OK let me patch all of the comments together in an answer. Pretty much every comment above touches on an important issue but these points are not separate from each other.

First my own comment. The "correct" definition of a convolution of two functions $f,g:\mathbb{R}\to \mathbb{R}$ is $$ (f*g)(t)=\int_{-\infty}^\infty f(x)g(t-x)dx $$ You explained in a comment that you're are using a less mainstream definition in your class. But in doing so you're encountering a problem and for good reason. I assume your definition is (and I will denote your "convolution" by $f\star g$ to make a distinction) $$ (f\star g)(t)=\int_0^t f(x)g(t-x)dx $$ But under what circumstances the two definitions equivalent? As @user1952009 points out $f*g$ reduces to $f\star g$ only if $f(t)=g(t)=0$ for all $t\leq 0$.

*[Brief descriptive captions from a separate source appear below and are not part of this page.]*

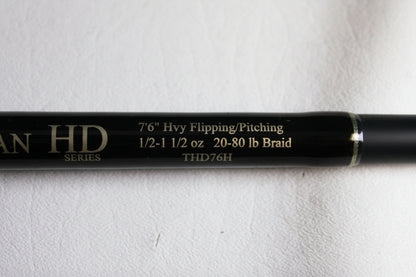Close-up of Fitzgerald Titan HD THD76H 7'6" Heavy Used Casting Rod in very good condition—features 1/2-1 1/2 oz, 20-80 lb braid. Eligible for our Rod and Reel Trade-In Program—trade your used gear for store credit today!.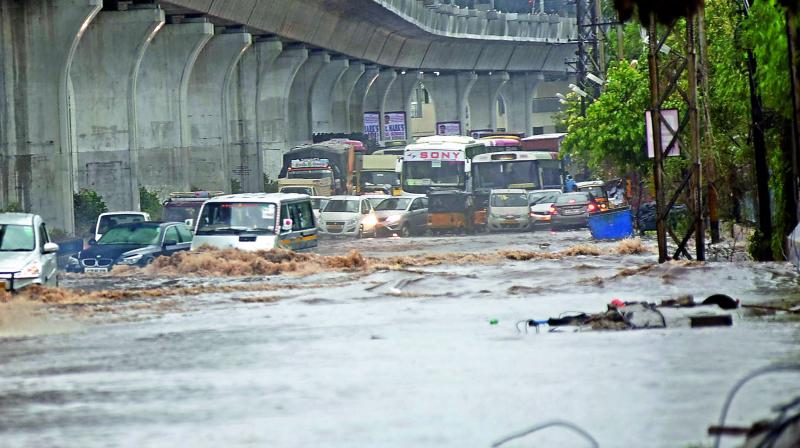 Commuters making their way through flooded streets early in the morning in Uppal as heavy rains pounded the city on Thursday.  (Photo: Gandhi)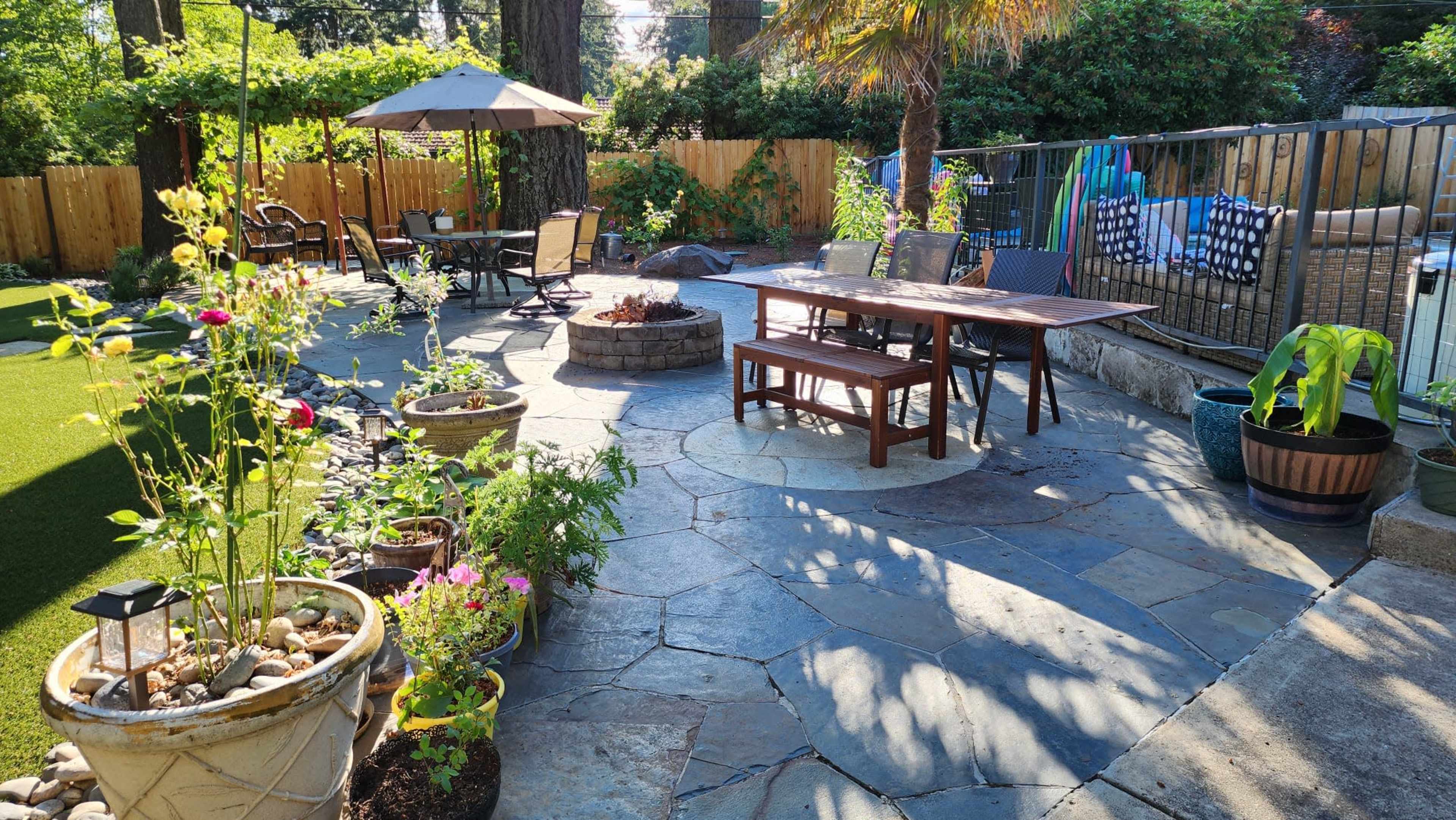 A backyard patio features a stone surface with a table and chairs, surrounded by potted plants and a fire pit, with a pool and umbrellas in the background.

Now comes the issue you are encountering: It is true that under true convolution $\delta * f=f$ for any function $f$, in fact, it is more appropriate to take this as the definition of $\delta$. But $\delta \star f=f$ only for functions $f$ such that $f(t)=0$ for all $t\leq 0$. As a result, if $f=1$, then $$ 1\neq \int_0^t \delta(x)dx $$ since $1$ is not zero for $t\leq 0$. But what is this integral? As @paul mentions $d/dt\int_0^t \delta(x) dx\neq \delta'(t)$, actually $=\delta(t)$. This brings us to the point of @tst. By definition, $\int_0^t \delta(x) dx$ is the anti-derivative of $\delta$, as we actually just saw by fundamental theorem of calculus (assuming it makes sense for the delta "function"). But what can this function be? Well, it needs to be pretty much exactly like constant function $1$, except it must vanish for $t\leq 0$. This is exactly the step-function $$ \theta(t) = \begin{cases} 1 & t>0\\ 0 & t\leq 0 \end{cases}=\int_0^t \delta(x) dx $$ So let me wrap up my fist half of answer: The definition $f\star g$ for convolution is fine as long as you have in mind that it defined for functions which vanish for non-postive numbers.


In this part, we will explore a little bit around what this $\delta$-"function" actually is. In doing so, hopefully, I will clarify a few things. As I said let us take, as the definition, $$ f(t)=\int_{-\infty}^\infty \delta(x)f(t-x)dx= \int_{-\infty}^\infty f(x) \delta(t-x)dx\qquad(1) $$ for all $f$.

Point I: Let $a<b$ and consider $\rho(x)=\theta(x-a)-\theta(x-b)$, which is zero in $(-\infty, a]\cup(b, \infty)$ and one in $(a,b]$. What you find then is $$ f(t)\rho(t)= \int_{a}^b f(x) \delta(t-x)dx\Longrightarrow \begin{cases} f(t)=\int_{a}^{b} \delta(t-x)f(x)dx & a<t\leq b\\ 0=\int_{a}^{b} \delta(t-x)f(x)dx & \text{otherwise} \end{cases} $$ Actually by defining a function $\tilde{\theta}(x)$ such that $\tilde{\theta}(0)=1$ and $\tilde{\theta}(t)=\theta(t)$ for $t\neq 0$, one can actually prove $$ \begin{cases} f(t)=\int_{a}^{b} \delta(t-x)f(x)dx & a{\color{red}\leq } t\leq b\\ 0=\int_{a}^{b} \delta(t-x)f(x)dx & \text{otherwise} \end{cases} $$ recall $a{\color{red}<}b$ throughout.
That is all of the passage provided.